Essays on Causal Inference and Econometrics


Book Description

This dissertation is a collection of three essays on the econometric analysis of causal inference methods. Chapter 1 examines the identification and estimation of the structural function in fuzzy RD designs with a continuous treatment variable. We show that the nonlinear and nonseparable structural function can be nonparametrically identified at the RD cutoff under shape restrictions, including monotonicity and smoothness conditions. Based on the nonparametric identification equation, we propose a three-step semiparametric estimation procedure and establish the asymptotic normality of the estimator. The semiparametric estimator achieves the same convergence rate as in the case of a binary treatment variable. As an application of the method, we estimate the causal effect of sleep time on health status by using the discontinuity in natural light timing at time zone boundaries. Chapter 2 examines the local linear regression (LLR) estimate of the conditional distribution function F(y|x). We derive three uniform convergence results: the uniform bias expansion, the uniform convergence rate, and the uniform asymptotic linear representation. The uniformity in the above results is with respect to both x and y and therefore has not previously been addressed in the literature on local polynomial regression. Such uniform convergence results are especially useful when the conditional distribution estimator is the first stage of a semiparametric estimator. Chapter 3 studies the estimation of causal parameters in the generalized local average treatment effect model, a generalization of the classical LATE model encompassing multi-valued treatment and instrument.

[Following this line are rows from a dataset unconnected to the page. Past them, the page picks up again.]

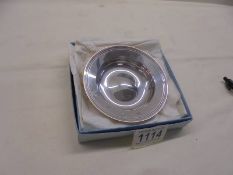 A hall marked silver wine tasting dish.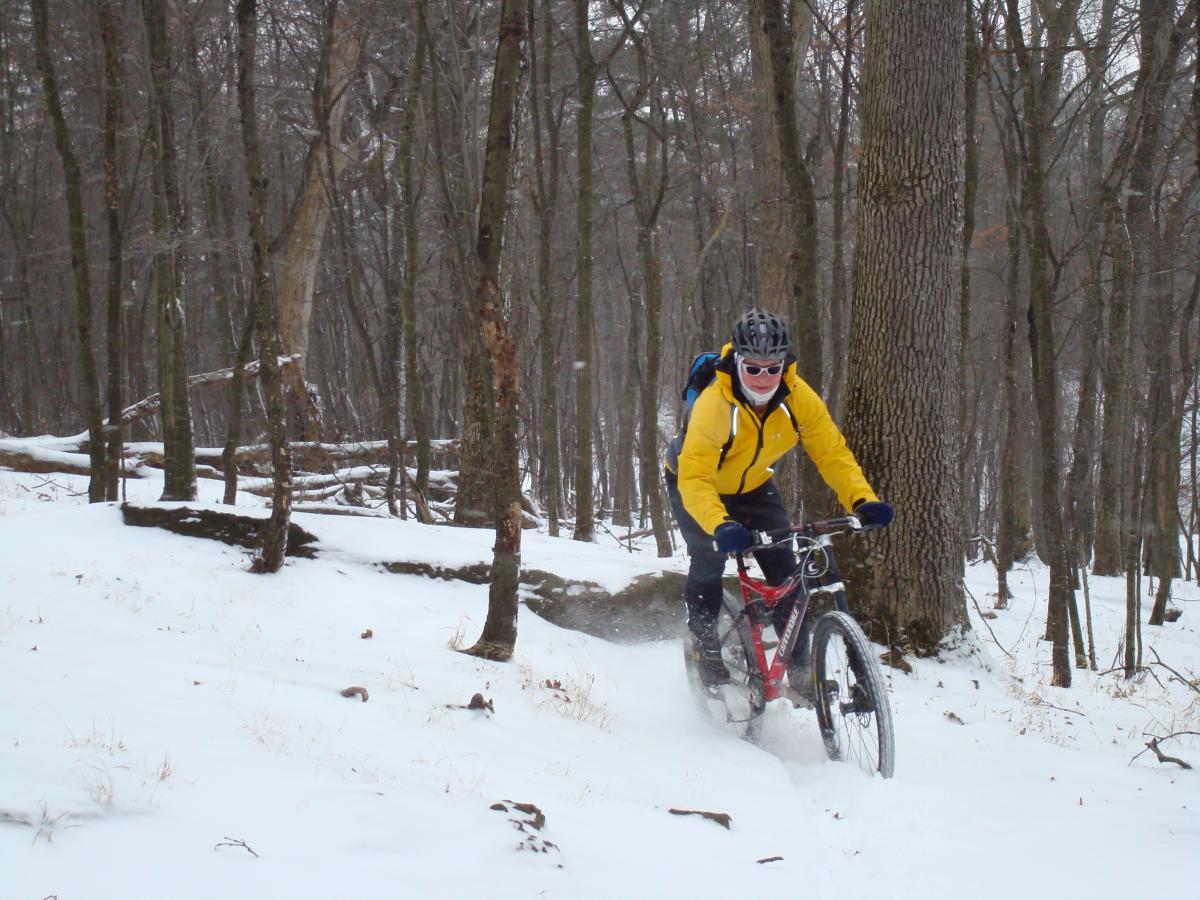 A person wearing a bright yellow jacket and sunglasses is riding a mountain bike through a snowy forest trail. Surrounding trees are bare, indicating winter, and the ground is covered in a layer of snow. The rider appears to be navigating a slight downhill slope, with snow spraying up from the bike’s tires. Hartwood Acres mountain bike trail.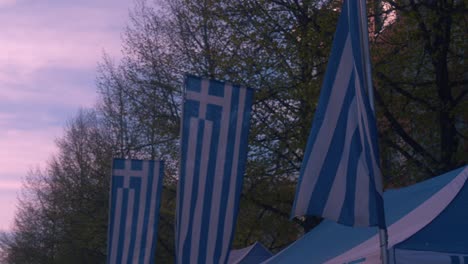 las banderas de grecia cuelgan verticalmente como banderas en la tienda del quiosco del festival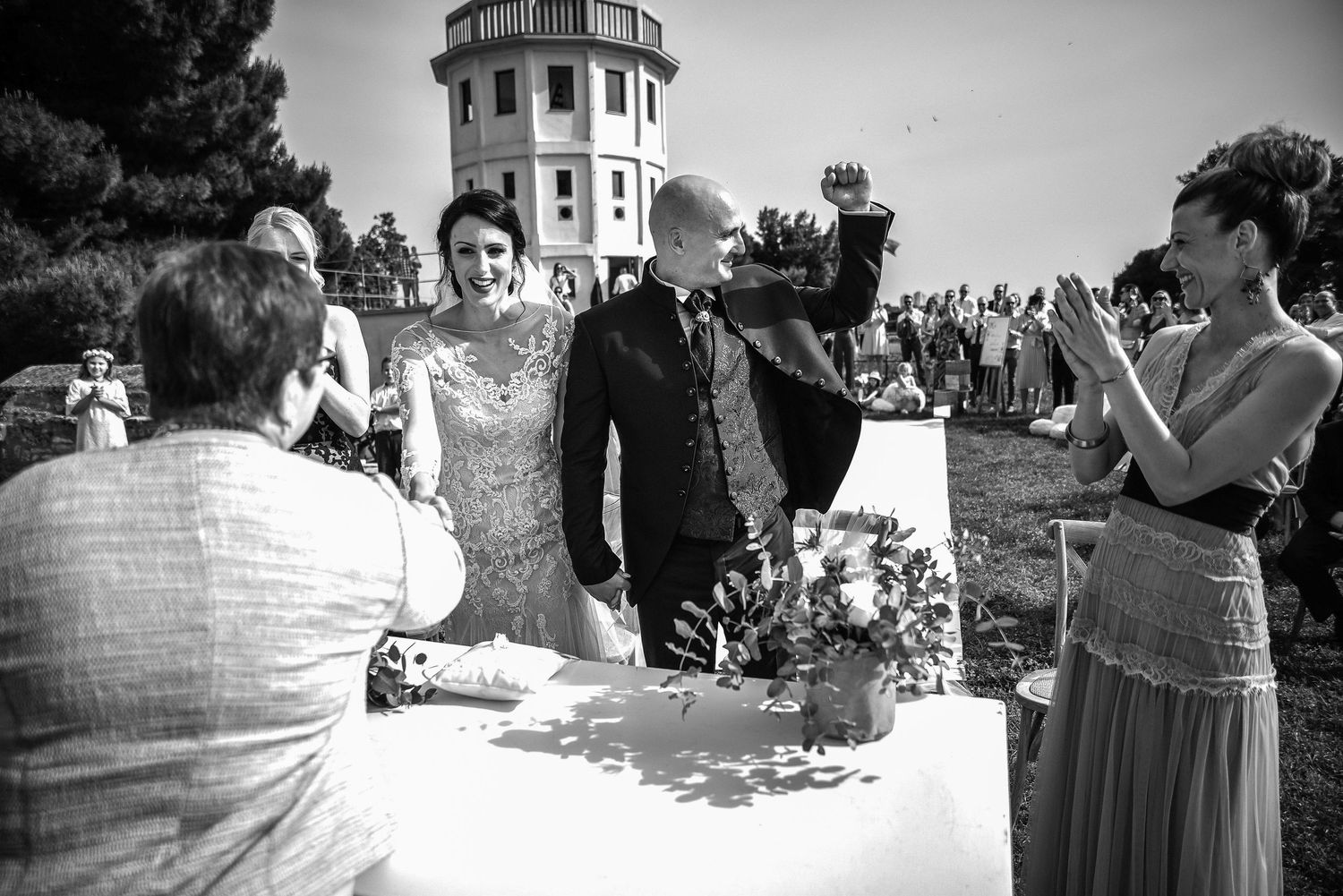 Black and white photo of newlyweds celebrating with guests near a historic tower after ceremony.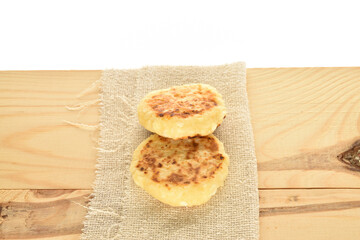 Homemade cheesecakes, close-up, on a white background.
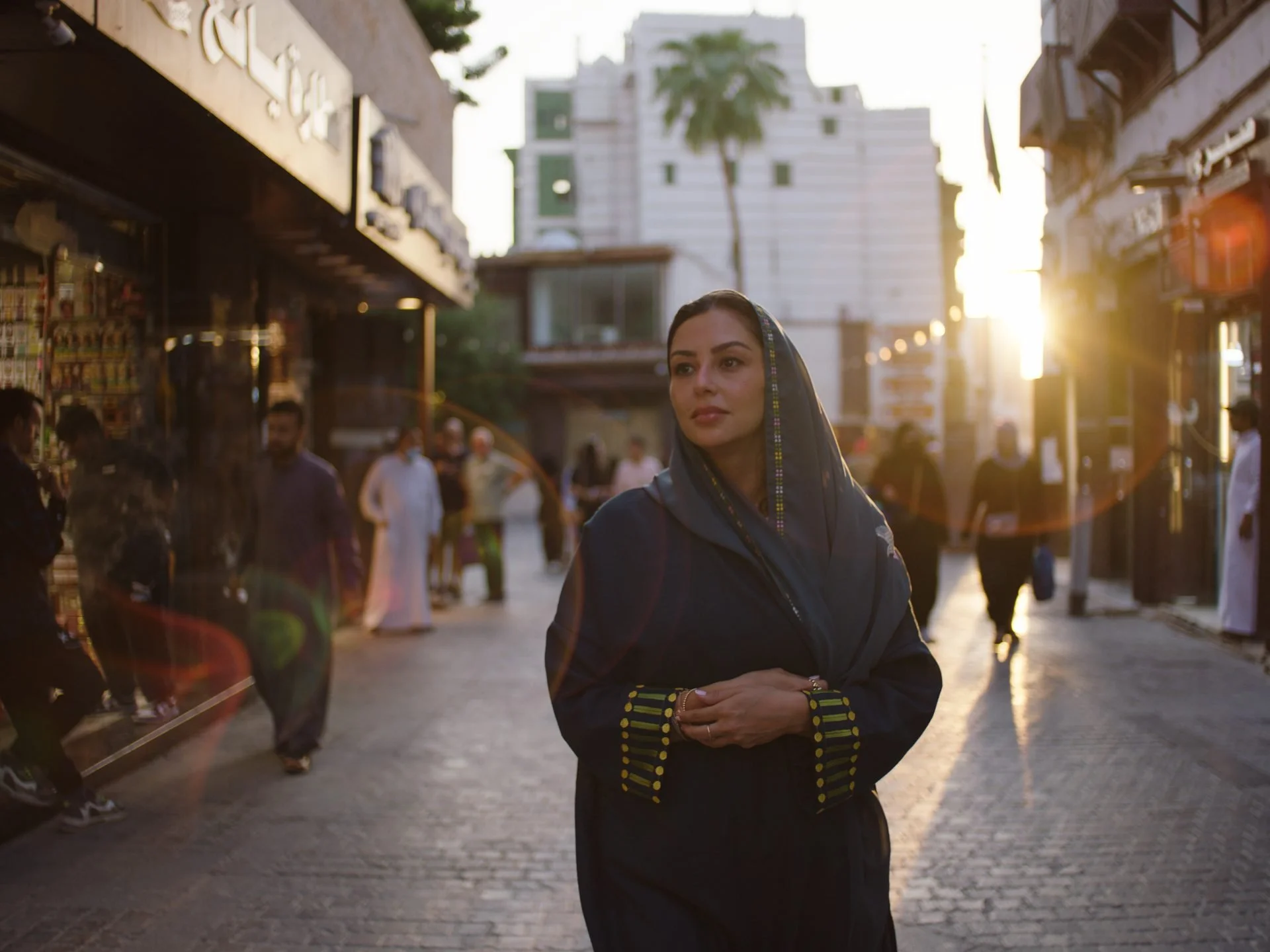A woman in traditional dress walks through a sunlit street in Al Balad, Jeddah - the
UNESCO World Heritage historic district, filmed for Inspired Cities in Evolving Cities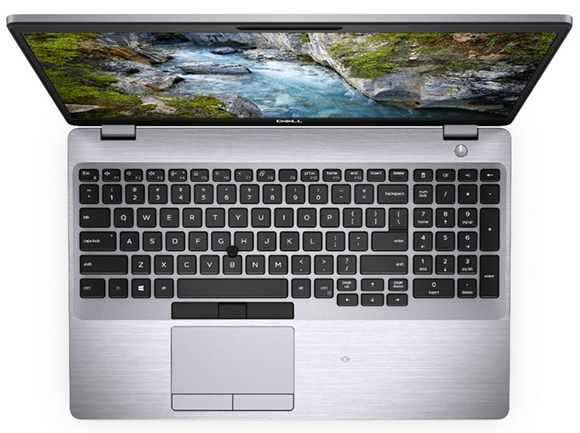 Open Dell laptop displaying a scenic river landscape on its screen, with a full keyboard and trackpad visible.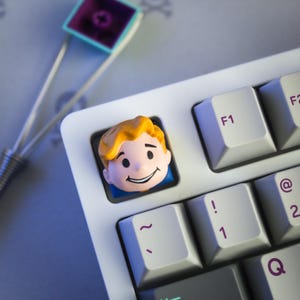 May include: A custom keyboard keycap featuring a cartoon character's face with yellow hair and a smiling expression. The keycap is installed on a white keyboard, next to other keys with purple lettering. A keycap puller is in the background.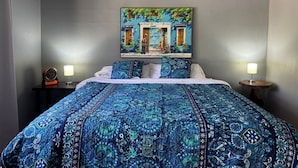 Quarto com uma cama grande, uma pintura de um edifício, duas luminárias de cabeceira e uma pequena mesa com um ventilador.
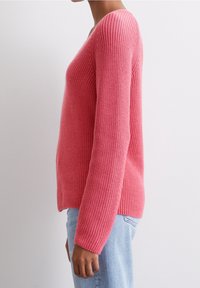 Pull en tricot rose avec un col en V, manches longues et texture côtelée. Coupe légèrement ample, présenté de côté sur un fond uni.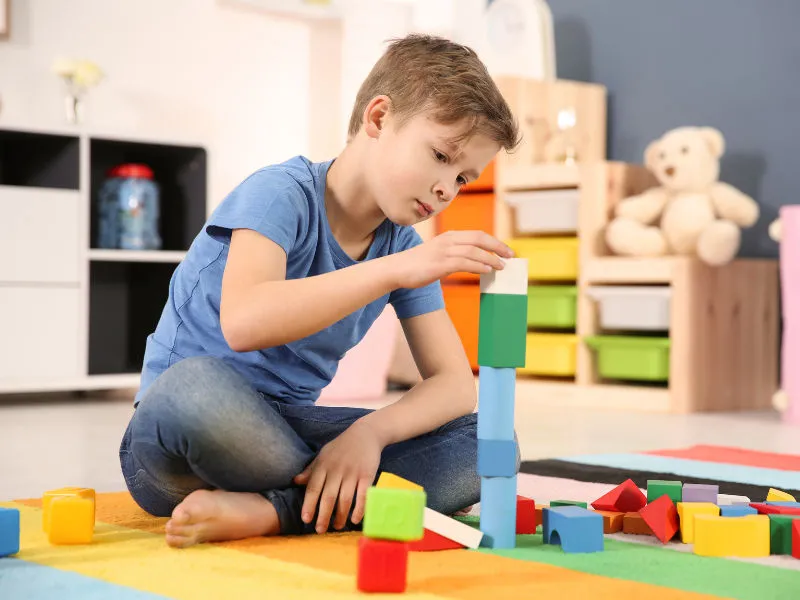 menino pequeno de 7 anos brincando com bloco de montar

We derive the efficient influence function (EIF) and the semiparametric efficiency bound for two types of parameters: local average structural function (LASF) and local average structural function for the treated (LASF-T). The moment condition generated by the EIF satisfies two robustness properties: double robustness and Neyman orthogonality. Based on the robust moment condition, we propose the double/debiased machine learning (DML) estimators for LASF and LASF-T. We also propose null-restricted inference methods that are robust against weak identification issues. As an empirical application, we study the effects across different sources of health insurance by applying the developed methods to the Oregon Health Insurance Experiment.